Ян Кубелик играл, как мне показалось, бесконечно. Я смотрел сосредоточенно, слушал тихо. Мама была в восторге и от Яна Кубелика, и от меня. Вдруг я дернул ее за мизинец:
– Мамочка, а скоро он перепилит свой ящик?
Она посмотрела на меня с отчаянием, словно я внезапно заболел менингитом:
– Ах, Толя, какие ты задаешь странные вопросы!

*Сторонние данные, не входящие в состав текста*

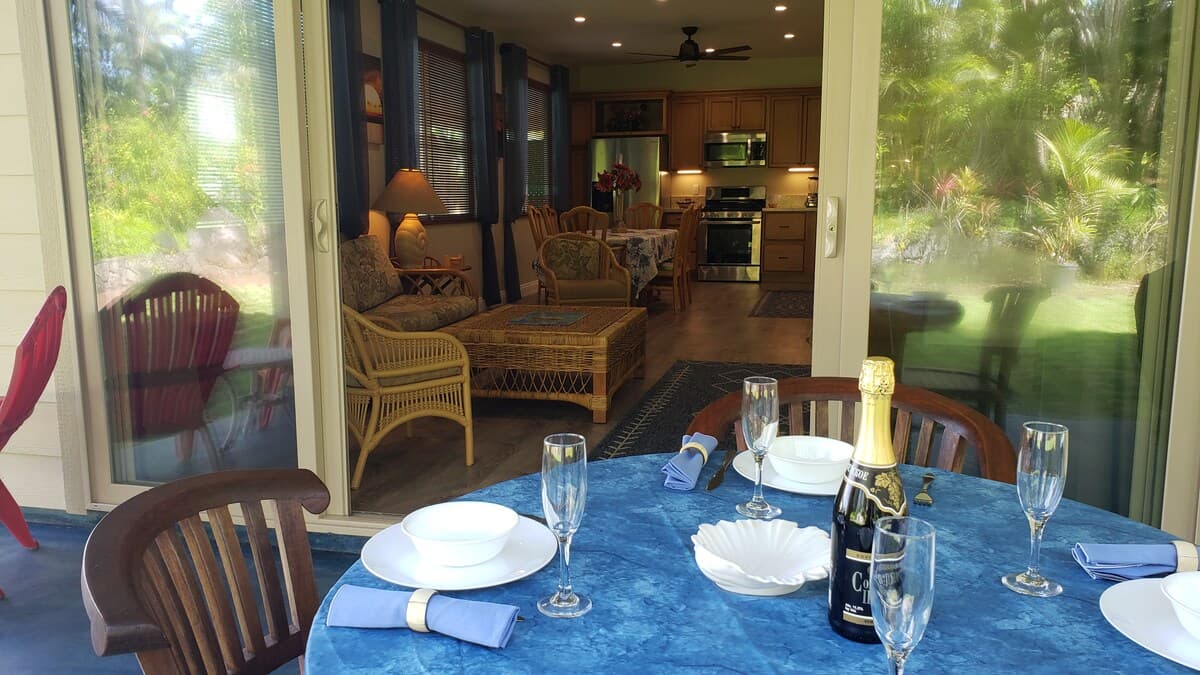 Home in Pahoa · ★4.98 · 2 bedrooms · 3 beds · 2 private baths - Photo 3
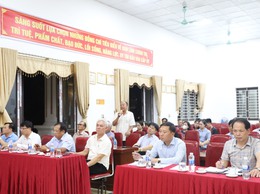 Bí thư Đảng ủy, Chủ tịch HĐND xã Quang Minh Nguyễn Thanh Liêm dự sinh hoạt chi bộ thôn Nội Đồng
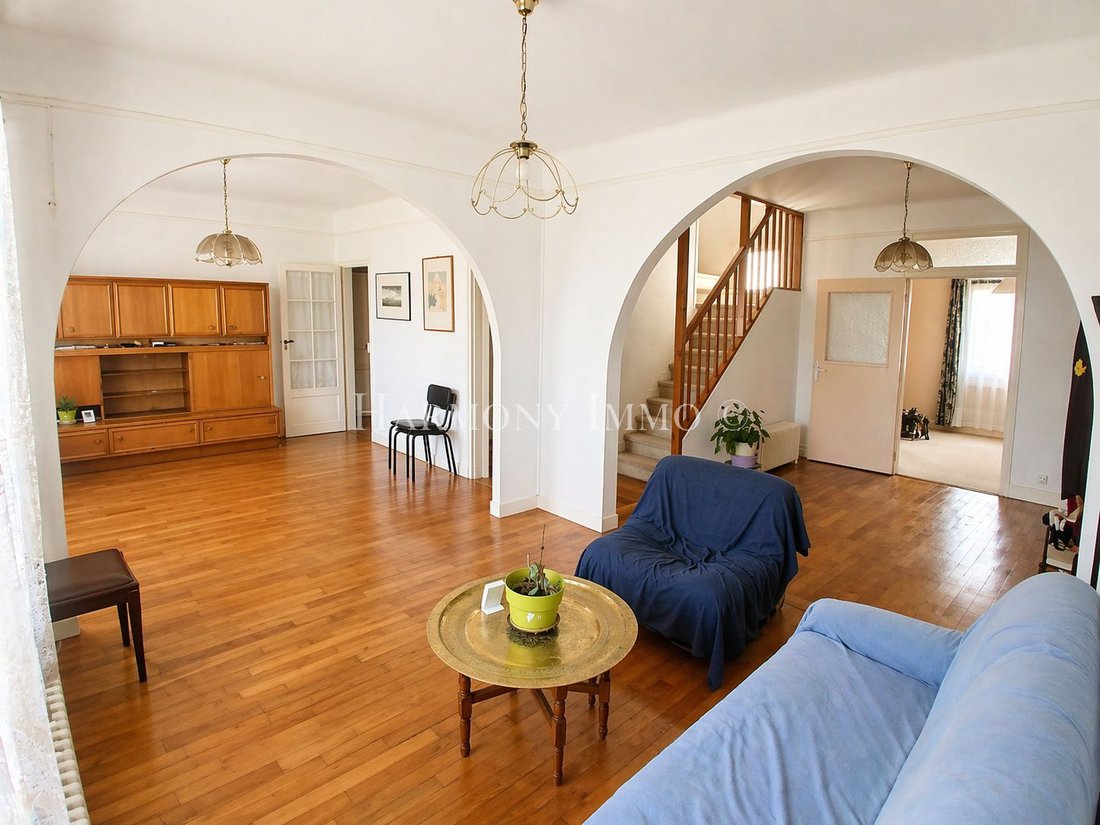 House in Antony, Ile-de-France, France 2 - 17738673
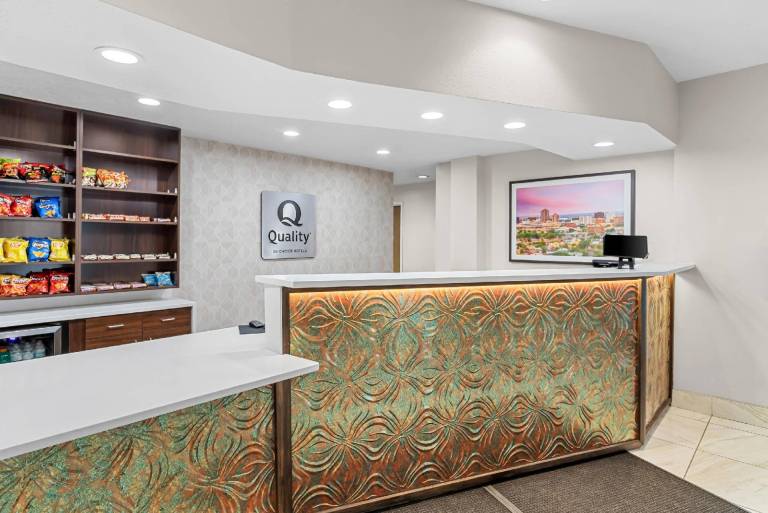 Quality Inn & Suites Sunport Airport Albuquerque — photo 5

Любопытно, что этому "странному вопросу" суждено было превратиться в анекдот. Очевидно, мама рассказала папе, он своим партнерам по винту, те своим приятелям и сослуживцам... Короче говоря, ровно через двадцать лет мой "странный вопрос" докатился до московского кафе "Стойло Пегаса". В моем присутствии Вадим Шершеневич рассказал его Всеволоду Мейерхольду. Я даже весь зарумянился от гордости. Но своей тайны открыть не решился. "Все равно эти скептики не поверят!" Поэтому лишь бросил небрежно: "У этого анекдота, Вадим, очень длинная борода".